The last one that I shot in Columbus, Ga. last yr, They were plastic.


----------



## sagecreek (Jul 15, 2003)

The reason I ask is I've heard that Hoyt/Easton has taken over control and is trying to rectify some of the problem from last year. Just want some feedback before I sink more money into their product. Would like to get a quality product for my money. Something that is going to last a little while to tournament abuse.


----------



## outbackarcher (Oct 31, 2005)

Dave yes there are plastic legs still on the targets.


----------



## outbackarcher (Oct 31, 2005)

I am getting ready to shoot the sims so I can give you an opinion on quality shortly.


----------



## outbackarcher (Oct 31, 2005)

My opinion after target #1. Buy a rhinehart


----------



## Luv2shoot3D (Feb 4, 2013)

Sounds like they didn't do much to them over the winter


----------



## sagecreek (Jul 15, 2003)

:sad:


----------



## ccwilder3 (Sep 13, 2003)

I shot the team shoot yesterday and there was only one animal with plastic legs. I don't know about durability yet but the arrows pulled very easily.


----------



## 3rdplace (Jan 3, 2004)

Easton has had control for several years.


----------



## Logjamb (May 14, 2008)

The foam core is a different mix than the junk they had past few years. It is better. The paint still falls off.


----------



## 12sonly (Jan 6, 2007)

Holds up little better


----------



## sagecreek (Jul 15, 2003)

Logjamb said:


> The foam core is a different mix than the junk they had past few years. It is better. The paint still falls off.


Yeah, I saw the shoot and see paint on a couple close ups of the animals. It didn't use to do that until last year.


----------



## nccrutch (Feb 26, 2003)

Get Rinehart!


----------



## Supermag1 (Jun 11, 2009)

Easton's owned them since 2012 so quality has actually gone downhill since they got involved.


----------



## McCann (Feb 27, 2005)

If the pattern from years past holds these will still be last years targets. Its usually the 2nd ASA that has the current years foam. At Metropolis last year I tried to corner the McKenzie folks about what they were going to do with the barbie house legs and the worthless connection system.

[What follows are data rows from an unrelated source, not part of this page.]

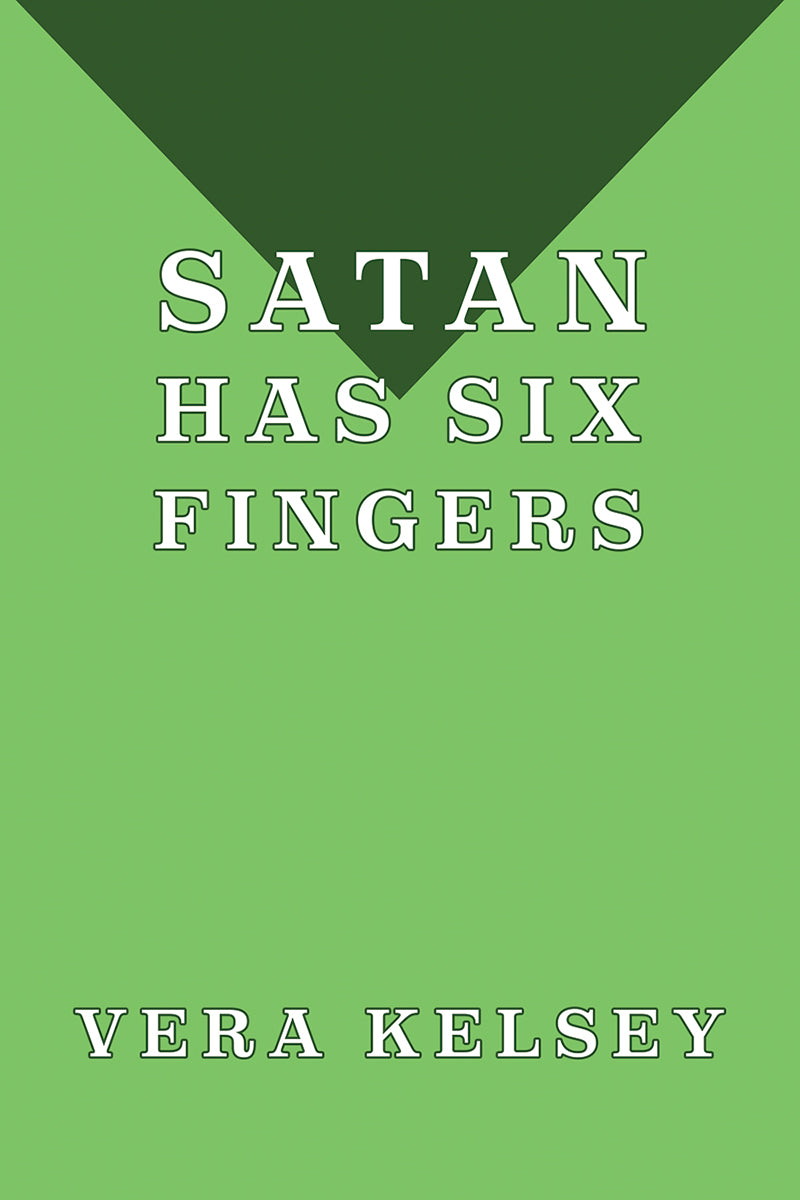 Kelsey: Satan Has Six Fingers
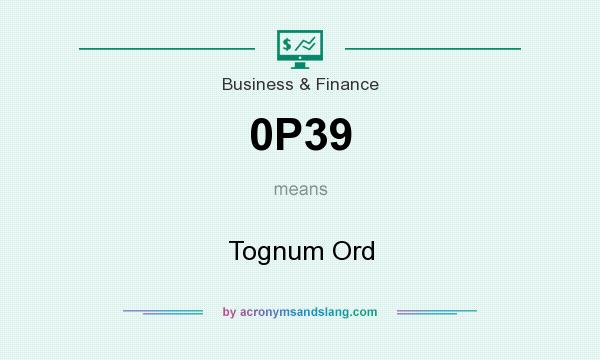 What does 0P39 mean? It stands for Tognum Ord
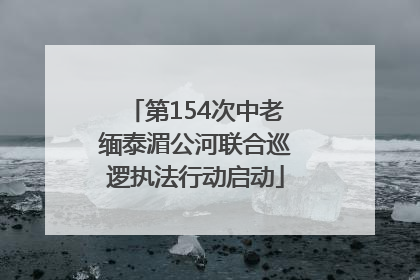 第154次中老缅泰湄公河联合巡逻执法行动启动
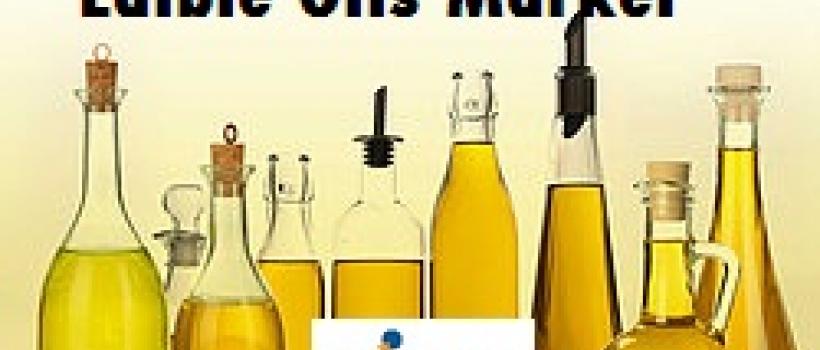 Edible Oils Market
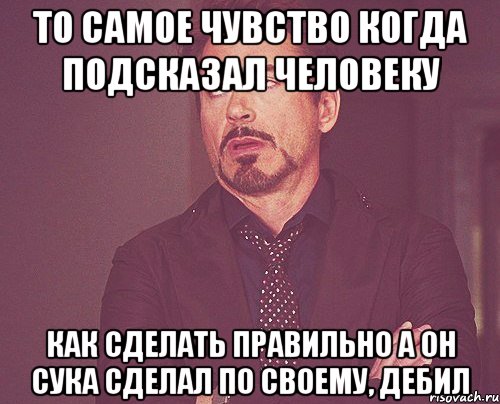 ТО САМОЕ ЧУВСТВО КОГДА ПОДСКАЗАЛ ЧЕЛОВЕКУ КАК СДЕЛАТЬ ПРАВИЛЬНО А ОН СУКА СДЕЛАЛ ПО СВОЕМУ, ДЕБИЛ, Мем твое выражение лица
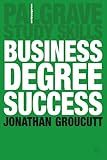 Business degree success : a practical study guide for business students at college and university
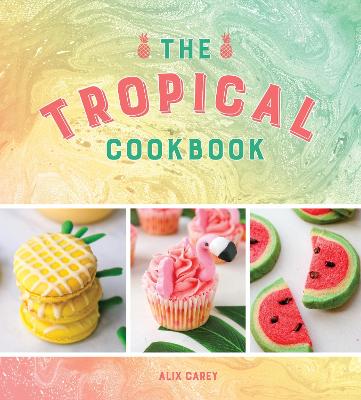 The Tropical Cookbook: Radiant Recipes for Social Events and Parties That Are Hotter Than the Tropics - Carey, Alix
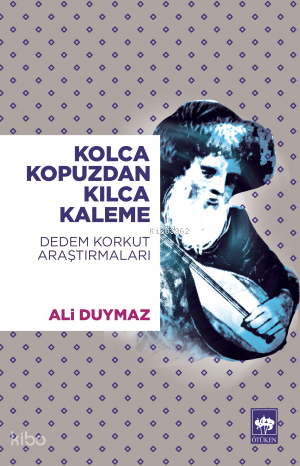 Kolca Kopuzdan Kılca Kaleme Dedem Korkut Araştırmaları - 1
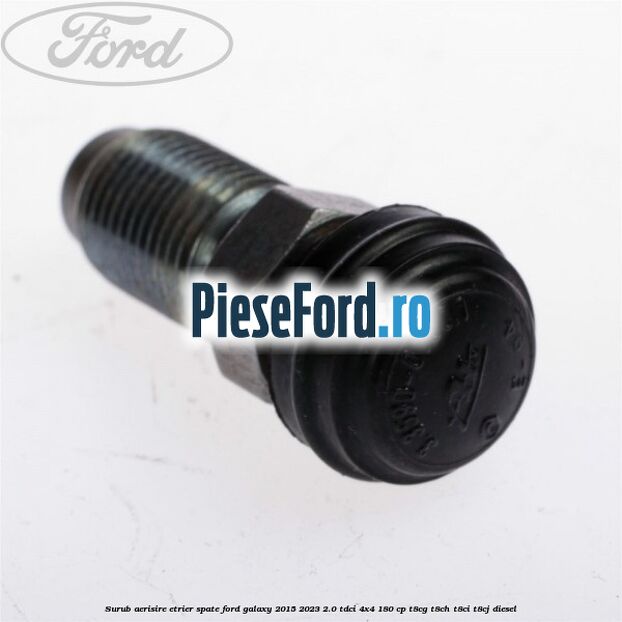 Surub aerisire etrier spate Ford Galaxy 2015-2023 2.0 TDCi 4x4 180 cp T8CG, T8CH, T8CI, T8CJ diesel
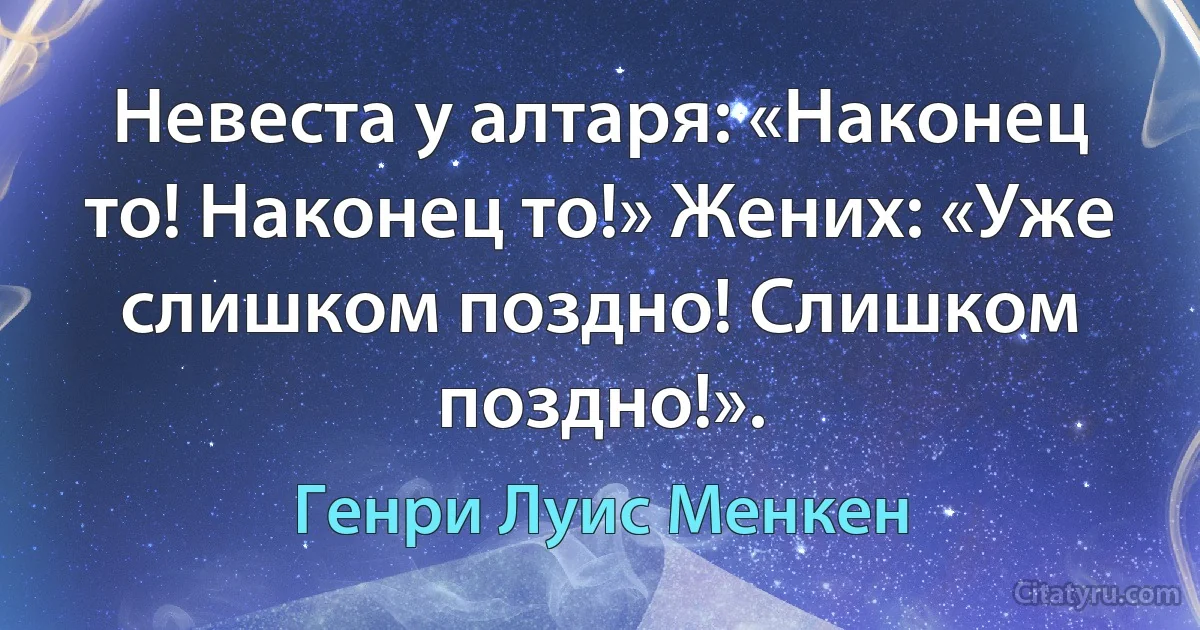 Невеста у алтаря: «Наконец то! Наконец то!» Жених: «Уже слишком поздно! Слишком поздно!». (Генри Луис Менкен)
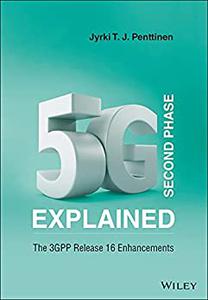 5G Second Phase Explained The 3GPP Release 16 Enhancements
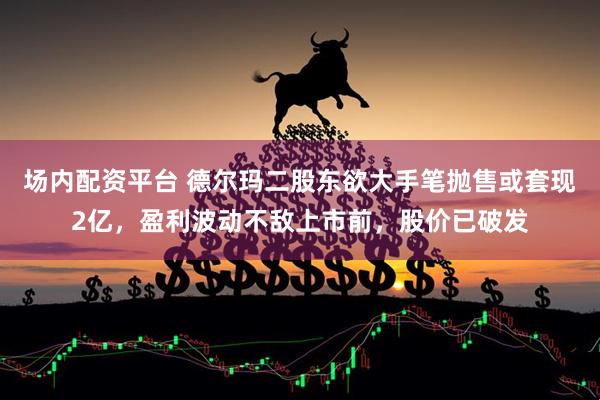 场内配资平台 德尔玛二股东欲大手笔抛售或套现2亿，盈利波动不敌上市前，股价已破发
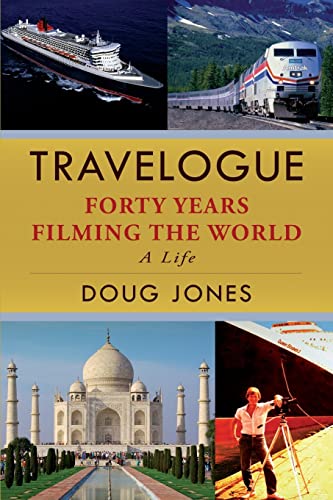 9780997963205: Travelogue: Forty Years Filming the World
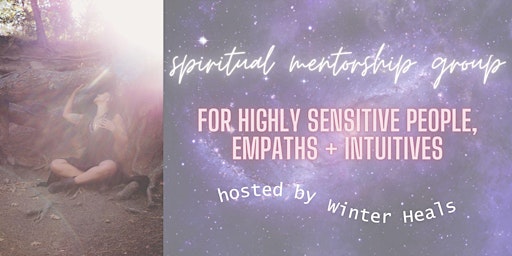 Imagen principal de Mentorship Group for Highly Sensitive People, Empaths and Intuitives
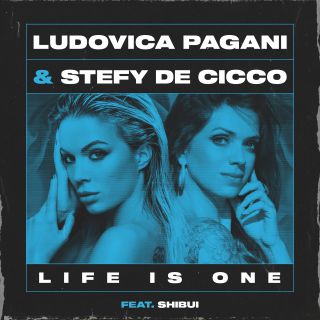 Ludovica Pagani & Stefy De Cicco - Life Is One (feat. SHIBUI) (Radio Date: 11-12-2020)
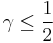 \gamma \leq \frac{1}{2}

Long and the short of it is that i was avoided by everyone that mattered. I did speak to one of their lower level folks that said the plastic legs would be back but the connectors between the plastic legs and the foam would be extremely different. If my club stays with McKenzies I may end up with a range of 20 Ibex and 20 blesbok. These are the only 2 targets i have bought in the last 4 years that i have been happy with.

Marc


----------



## Archerywarrior (Apr 17, 2005)

You would think they would put a good quality target out especially with rinehart getting the ibo last year.


----------



## SonnyThomas (Sep 10, 2006)

Archerywarrior said:


> You would think they would put a good quality target out especially with rinehart getting the ibo last year.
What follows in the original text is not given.